(Stored dataset items)

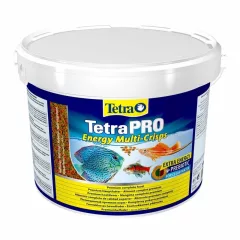 TETRA Pro Energy Multi-Crisps 1900g/10L haleledel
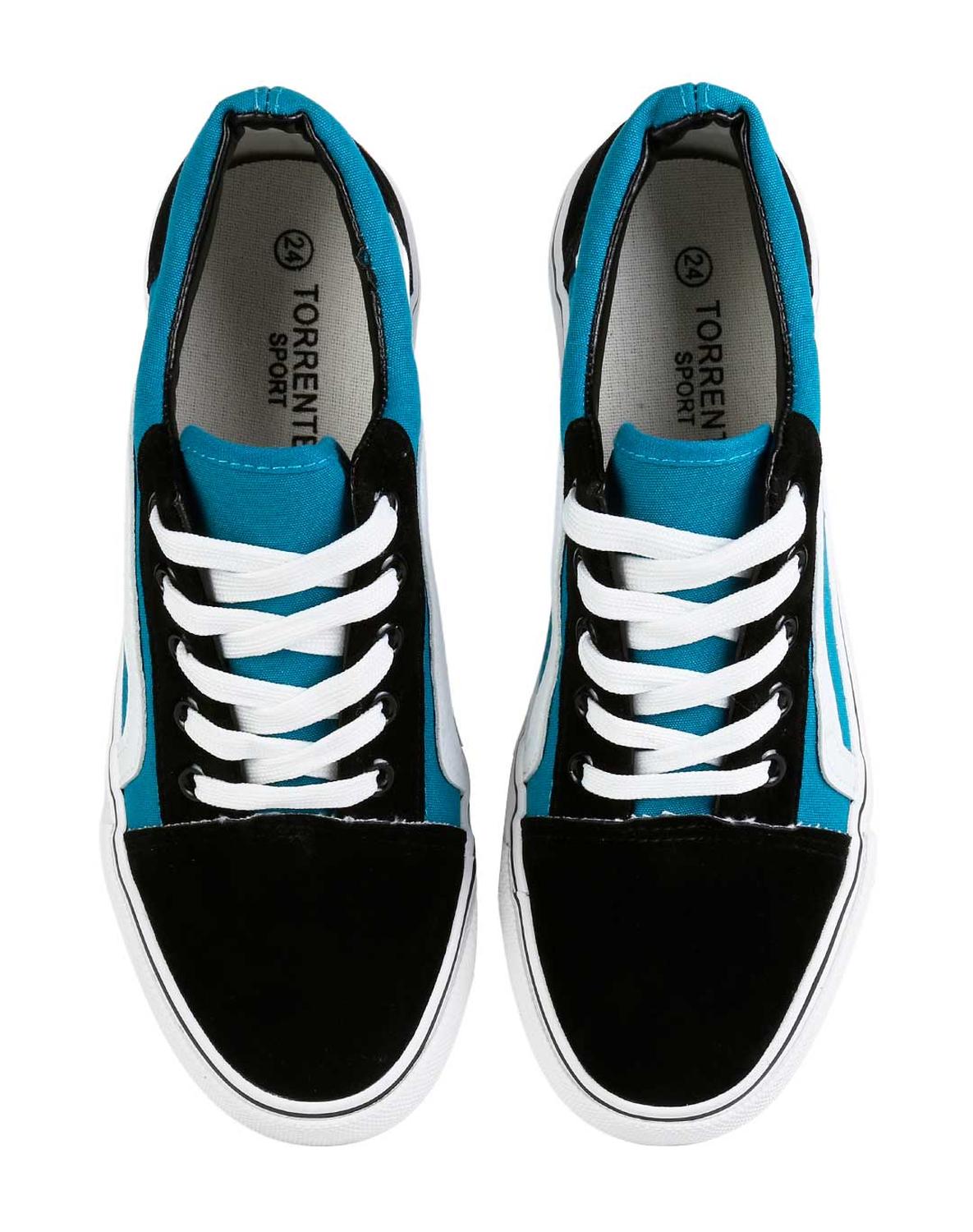 jpg_1500x1500_57332852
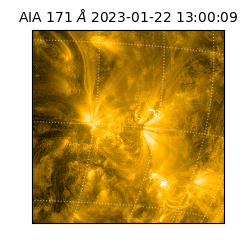 saia - 2023-01-22T13:00:09.350000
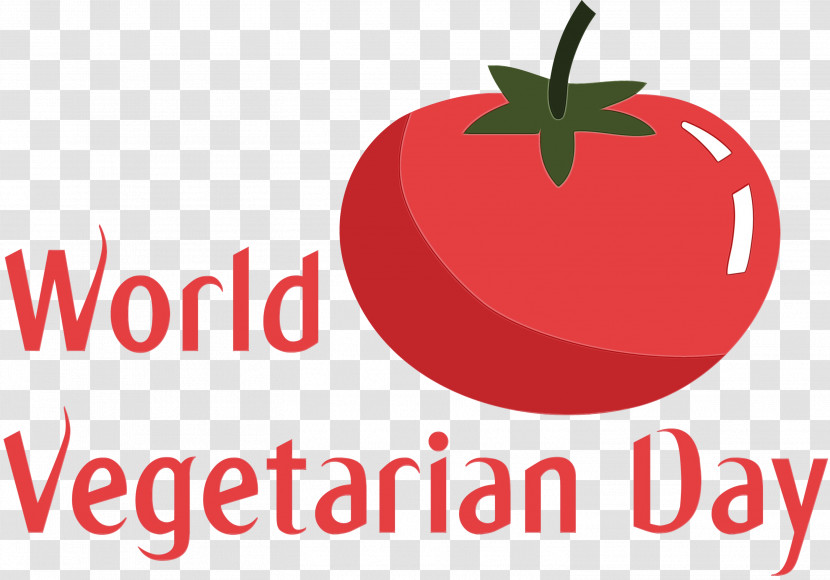 Tomato Transparent PNG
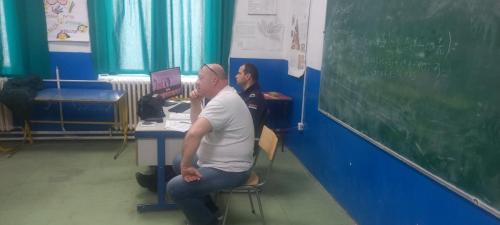 IMG-dfa6d385eb23eb8e05c32cc62650a9ed-V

» **Problem**
Give the entries above again word for word, without any pictures.

» **Answer to this task**
 TETRA Pro Energy Multi-Crisps 1900g/10L haleledel
 jpg_1500x1500_57332852
 saia - 2023-01-22T13:00:09.350000
 Tomato Transparent PNG
 IMG-dfa6d385eb23eb8e05c32cc62650a9ed-V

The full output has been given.